(INPUT FOR THIS TASK)

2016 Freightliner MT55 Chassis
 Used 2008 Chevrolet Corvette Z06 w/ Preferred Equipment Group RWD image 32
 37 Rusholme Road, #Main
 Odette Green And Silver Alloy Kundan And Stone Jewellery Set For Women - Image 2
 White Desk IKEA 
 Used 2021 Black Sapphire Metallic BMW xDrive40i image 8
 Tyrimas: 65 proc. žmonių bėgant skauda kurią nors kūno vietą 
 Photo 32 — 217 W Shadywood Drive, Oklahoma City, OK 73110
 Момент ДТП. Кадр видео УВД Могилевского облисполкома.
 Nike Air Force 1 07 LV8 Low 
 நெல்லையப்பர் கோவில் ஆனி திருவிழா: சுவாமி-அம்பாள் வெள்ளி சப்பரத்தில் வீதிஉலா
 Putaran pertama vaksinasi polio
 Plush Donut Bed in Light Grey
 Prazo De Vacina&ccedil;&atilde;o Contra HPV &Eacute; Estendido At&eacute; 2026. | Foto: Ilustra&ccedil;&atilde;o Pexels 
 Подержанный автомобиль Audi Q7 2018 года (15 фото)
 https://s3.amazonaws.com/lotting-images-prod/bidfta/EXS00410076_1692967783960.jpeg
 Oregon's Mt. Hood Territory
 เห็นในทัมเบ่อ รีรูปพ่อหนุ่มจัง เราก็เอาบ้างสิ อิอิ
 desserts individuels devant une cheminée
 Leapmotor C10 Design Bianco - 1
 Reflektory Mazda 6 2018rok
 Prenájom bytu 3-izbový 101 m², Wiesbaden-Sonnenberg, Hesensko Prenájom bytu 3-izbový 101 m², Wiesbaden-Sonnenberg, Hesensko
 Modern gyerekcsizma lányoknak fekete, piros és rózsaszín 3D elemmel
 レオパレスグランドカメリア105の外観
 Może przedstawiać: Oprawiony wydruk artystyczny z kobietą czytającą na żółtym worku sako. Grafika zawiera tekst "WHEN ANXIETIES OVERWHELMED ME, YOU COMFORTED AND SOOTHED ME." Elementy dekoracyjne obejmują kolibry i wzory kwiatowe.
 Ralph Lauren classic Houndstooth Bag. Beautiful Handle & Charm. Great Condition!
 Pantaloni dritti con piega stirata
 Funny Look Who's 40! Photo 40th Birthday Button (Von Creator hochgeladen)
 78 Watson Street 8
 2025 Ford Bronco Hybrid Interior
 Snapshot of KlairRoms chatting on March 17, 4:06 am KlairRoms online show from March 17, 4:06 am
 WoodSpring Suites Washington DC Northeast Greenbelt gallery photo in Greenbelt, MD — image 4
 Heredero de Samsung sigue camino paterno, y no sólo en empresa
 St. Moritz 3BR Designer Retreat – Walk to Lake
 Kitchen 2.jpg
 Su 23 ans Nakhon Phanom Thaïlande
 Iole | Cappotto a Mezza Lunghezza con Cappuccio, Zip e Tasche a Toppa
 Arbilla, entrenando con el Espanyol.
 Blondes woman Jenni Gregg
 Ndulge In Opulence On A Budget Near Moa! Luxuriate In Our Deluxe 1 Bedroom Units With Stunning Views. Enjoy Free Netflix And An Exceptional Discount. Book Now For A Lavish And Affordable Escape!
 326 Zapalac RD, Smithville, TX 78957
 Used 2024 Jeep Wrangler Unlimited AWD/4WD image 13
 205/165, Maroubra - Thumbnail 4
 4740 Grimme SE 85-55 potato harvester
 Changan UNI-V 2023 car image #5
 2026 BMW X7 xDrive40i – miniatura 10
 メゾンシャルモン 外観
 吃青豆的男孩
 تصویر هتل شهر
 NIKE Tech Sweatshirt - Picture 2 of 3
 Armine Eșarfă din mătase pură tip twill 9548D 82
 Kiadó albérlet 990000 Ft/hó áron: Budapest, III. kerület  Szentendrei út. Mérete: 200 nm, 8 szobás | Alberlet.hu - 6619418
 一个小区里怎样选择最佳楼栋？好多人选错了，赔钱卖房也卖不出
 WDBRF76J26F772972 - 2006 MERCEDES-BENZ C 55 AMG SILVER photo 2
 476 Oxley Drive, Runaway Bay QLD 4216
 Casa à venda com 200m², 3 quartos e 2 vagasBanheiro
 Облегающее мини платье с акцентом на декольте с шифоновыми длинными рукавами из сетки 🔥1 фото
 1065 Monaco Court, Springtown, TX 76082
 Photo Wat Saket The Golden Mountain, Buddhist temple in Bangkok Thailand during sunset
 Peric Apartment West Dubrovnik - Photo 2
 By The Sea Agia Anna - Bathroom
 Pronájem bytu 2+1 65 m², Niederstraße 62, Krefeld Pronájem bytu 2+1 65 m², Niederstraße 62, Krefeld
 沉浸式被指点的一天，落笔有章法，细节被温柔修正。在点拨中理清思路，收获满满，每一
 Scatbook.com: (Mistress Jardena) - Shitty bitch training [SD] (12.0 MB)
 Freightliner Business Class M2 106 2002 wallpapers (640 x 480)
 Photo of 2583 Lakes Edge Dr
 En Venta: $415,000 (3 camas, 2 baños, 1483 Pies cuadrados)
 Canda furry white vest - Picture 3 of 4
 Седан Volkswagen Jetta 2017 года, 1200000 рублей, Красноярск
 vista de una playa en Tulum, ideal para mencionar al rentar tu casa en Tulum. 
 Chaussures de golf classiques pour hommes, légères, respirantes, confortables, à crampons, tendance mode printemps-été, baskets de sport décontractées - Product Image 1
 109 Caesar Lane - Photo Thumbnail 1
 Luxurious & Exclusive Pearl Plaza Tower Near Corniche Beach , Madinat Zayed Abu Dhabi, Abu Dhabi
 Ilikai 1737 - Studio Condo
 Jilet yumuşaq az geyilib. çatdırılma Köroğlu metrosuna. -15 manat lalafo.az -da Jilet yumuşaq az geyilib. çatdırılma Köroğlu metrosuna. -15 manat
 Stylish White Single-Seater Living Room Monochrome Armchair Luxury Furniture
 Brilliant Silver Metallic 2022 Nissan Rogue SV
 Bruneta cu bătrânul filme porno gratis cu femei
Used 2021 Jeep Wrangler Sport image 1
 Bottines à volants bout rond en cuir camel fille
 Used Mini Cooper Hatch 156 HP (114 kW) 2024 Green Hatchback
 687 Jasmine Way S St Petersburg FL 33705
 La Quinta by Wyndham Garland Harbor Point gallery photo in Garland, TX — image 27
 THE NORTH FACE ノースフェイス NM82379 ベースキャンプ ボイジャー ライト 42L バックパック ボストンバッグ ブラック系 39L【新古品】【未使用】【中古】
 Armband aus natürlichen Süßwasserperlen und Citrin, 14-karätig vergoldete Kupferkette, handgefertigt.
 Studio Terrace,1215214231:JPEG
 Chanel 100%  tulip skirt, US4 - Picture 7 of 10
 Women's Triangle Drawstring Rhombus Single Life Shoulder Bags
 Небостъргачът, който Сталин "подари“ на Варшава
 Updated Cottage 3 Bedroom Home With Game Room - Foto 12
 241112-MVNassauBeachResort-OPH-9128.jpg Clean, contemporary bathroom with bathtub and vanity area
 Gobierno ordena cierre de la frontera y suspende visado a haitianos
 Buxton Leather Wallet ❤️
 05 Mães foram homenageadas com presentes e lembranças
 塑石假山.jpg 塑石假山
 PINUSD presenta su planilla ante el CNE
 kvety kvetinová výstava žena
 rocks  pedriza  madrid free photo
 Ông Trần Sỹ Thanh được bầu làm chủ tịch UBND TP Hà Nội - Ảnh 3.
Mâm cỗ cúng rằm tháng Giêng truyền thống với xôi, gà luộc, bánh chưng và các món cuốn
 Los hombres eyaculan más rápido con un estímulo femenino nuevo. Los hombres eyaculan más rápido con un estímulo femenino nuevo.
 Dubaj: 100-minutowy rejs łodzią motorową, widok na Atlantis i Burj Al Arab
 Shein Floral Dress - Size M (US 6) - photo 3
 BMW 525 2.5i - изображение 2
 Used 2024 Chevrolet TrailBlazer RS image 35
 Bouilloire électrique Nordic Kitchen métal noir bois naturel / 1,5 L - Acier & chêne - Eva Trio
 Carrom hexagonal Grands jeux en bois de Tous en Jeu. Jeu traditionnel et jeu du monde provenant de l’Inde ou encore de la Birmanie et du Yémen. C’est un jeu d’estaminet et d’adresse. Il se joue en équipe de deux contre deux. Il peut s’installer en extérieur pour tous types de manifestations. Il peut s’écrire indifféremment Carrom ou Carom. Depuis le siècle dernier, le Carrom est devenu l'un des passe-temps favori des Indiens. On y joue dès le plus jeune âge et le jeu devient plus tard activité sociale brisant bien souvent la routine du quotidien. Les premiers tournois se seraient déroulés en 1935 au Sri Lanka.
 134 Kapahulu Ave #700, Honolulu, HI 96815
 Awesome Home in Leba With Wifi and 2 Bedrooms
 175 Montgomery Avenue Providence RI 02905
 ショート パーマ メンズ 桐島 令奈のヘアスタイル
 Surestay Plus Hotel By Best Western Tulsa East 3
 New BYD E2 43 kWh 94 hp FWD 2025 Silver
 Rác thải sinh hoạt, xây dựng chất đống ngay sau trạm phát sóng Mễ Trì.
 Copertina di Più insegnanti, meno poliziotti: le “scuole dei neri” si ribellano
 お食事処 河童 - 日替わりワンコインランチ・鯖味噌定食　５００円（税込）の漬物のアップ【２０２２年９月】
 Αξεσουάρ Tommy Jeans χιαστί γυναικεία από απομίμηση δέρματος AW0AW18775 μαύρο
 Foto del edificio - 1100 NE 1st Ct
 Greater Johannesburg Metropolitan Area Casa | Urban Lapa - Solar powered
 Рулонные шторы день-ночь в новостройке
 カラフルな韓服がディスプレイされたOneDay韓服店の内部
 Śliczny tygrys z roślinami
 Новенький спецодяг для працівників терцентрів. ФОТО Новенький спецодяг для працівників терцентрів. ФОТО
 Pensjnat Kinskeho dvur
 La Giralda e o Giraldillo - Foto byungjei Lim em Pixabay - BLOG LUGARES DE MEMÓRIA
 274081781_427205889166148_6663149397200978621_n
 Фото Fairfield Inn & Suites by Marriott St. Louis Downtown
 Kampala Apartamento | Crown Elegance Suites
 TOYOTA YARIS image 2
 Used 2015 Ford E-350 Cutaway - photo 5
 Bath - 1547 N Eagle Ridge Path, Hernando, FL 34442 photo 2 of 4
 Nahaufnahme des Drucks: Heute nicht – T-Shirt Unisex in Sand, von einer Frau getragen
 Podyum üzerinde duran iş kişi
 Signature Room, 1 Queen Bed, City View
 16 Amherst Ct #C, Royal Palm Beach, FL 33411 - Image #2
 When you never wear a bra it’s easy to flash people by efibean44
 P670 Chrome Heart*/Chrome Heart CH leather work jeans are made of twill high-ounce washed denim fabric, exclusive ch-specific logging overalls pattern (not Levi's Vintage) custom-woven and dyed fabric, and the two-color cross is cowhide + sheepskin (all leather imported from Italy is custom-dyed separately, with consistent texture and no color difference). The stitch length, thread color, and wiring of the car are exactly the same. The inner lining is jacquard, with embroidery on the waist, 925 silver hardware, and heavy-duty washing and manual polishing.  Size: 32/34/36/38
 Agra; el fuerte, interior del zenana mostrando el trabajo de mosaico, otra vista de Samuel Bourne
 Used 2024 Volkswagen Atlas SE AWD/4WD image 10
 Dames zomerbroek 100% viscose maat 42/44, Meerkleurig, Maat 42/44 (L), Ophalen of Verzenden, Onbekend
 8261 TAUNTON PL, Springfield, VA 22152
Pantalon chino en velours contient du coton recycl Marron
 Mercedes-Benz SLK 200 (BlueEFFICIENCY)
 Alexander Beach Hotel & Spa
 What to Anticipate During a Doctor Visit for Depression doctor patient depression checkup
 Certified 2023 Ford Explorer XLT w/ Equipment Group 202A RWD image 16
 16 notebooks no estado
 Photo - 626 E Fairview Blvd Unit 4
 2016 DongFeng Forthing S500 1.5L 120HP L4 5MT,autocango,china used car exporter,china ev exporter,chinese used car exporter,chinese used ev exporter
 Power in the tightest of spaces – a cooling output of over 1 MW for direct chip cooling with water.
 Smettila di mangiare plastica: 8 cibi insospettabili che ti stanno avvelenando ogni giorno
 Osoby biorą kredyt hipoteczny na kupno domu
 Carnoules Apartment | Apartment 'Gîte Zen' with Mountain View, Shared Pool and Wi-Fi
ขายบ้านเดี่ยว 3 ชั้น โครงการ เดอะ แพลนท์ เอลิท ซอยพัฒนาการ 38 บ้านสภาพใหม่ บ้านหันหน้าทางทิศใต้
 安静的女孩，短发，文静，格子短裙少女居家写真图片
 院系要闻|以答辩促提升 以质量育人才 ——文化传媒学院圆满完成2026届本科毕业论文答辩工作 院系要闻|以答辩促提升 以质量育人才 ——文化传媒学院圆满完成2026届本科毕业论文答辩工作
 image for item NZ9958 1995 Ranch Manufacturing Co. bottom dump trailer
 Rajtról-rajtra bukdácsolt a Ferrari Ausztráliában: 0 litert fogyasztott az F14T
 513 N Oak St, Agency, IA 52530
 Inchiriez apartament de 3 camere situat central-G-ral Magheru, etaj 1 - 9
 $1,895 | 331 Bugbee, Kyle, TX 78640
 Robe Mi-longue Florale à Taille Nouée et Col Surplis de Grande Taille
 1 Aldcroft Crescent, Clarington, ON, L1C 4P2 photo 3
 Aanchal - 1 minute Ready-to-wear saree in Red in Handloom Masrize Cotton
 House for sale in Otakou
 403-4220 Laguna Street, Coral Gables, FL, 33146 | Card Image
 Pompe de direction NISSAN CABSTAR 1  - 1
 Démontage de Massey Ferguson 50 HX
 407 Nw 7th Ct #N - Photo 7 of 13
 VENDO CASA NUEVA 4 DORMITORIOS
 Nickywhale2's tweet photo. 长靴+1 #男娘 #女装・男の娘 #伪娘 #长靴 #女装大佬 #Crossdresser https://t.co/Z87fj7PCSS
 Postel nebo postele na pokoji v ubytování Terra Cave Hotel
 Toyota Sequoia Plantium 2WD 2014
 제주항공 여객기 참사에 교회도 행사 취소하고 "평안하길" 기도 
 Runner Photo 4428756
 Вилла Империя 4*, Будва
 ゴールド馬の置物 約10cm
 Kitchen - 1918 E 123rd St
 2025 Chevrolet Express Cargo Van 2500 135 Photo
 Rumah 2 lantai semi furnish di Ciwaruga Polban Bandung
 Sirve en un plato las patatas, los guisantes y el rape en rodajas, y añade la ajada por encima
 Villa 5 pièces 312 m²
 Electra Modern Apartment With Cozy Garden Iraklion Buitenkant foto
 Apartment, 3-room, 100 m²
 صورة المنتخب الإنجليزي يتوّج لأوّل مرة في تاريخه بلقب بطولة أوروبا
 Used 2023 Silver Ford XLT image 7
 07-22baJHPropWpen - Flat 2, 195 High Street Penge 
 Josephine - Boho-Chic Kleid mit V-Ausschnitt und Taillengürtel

(End INPUT FOR THIS TASK)

WHAT YOU ARE ASKED TO DO: One stretch of the lines above is wanted, from the line that contains "Rajtról-rajtra bukdácsolt a" through the line that contains "Rumah 2 lantai". Output it exactly.

THE ANSWER:
 Rajtról-rajtra bukdácsolt a Ferrari Ausztráliában: 0 litert fogyasztott az F14T
 513 N Oak St, Agency, IA 52530
 Inchiriez apartament de 3 camere situat central-G-ral Magheru, etaj 1 - 9
 $1,895 | 331 Bugbee, Kyle, TX 78640
 Robe Mi-longue Florale à Taille Nouée et Col Surplis de Grande Taille
 1 Aldcroft Crescent, Clarington, ON, L1C 4P2 photo 3
 Aanchal - 1 minute Ready-to-wear saree in Red in Handloom Masrize Cotton
 House for sale in Otakou
 403-4220 Laguna Street, Coral Gables, FL, 33146 | Card Image
 Pompe de direction NISSAN CABSTAR 1  - 1
 Démontage de Massey Ferguson 50 HX
 407 Nw 7th Ct #N - Photo 7 of 13
 VENDO CASA NUEVA 4 DORMITORIOS
 Nickywhale2's tweet photo. 长靴+1 #男娘 #女装・男の娘 #伪娘 #长靴 #女装大佬 #Crossdresser https://t.co/Z87fj7PCSS
 Postel nebo postele na pokoji v ubytování Terra Cave Hotel
 Toyota Sequoia Plantium 2WD 2014
 제주항공 여객기 참사에 교회도 행사 취소하고 "평안하길" 기도 
 Runner Photo 4428756
 Вилла Империя 4*, Будва
 ゴールド馬の置物 約10cm
 Kitchen - 1918 E 123rd St
 2025 Chevrolet Express Cargo Van 2500 135 Photo
 Rumah 2 lantai semi furnish di Ciwaruga Polban Bandung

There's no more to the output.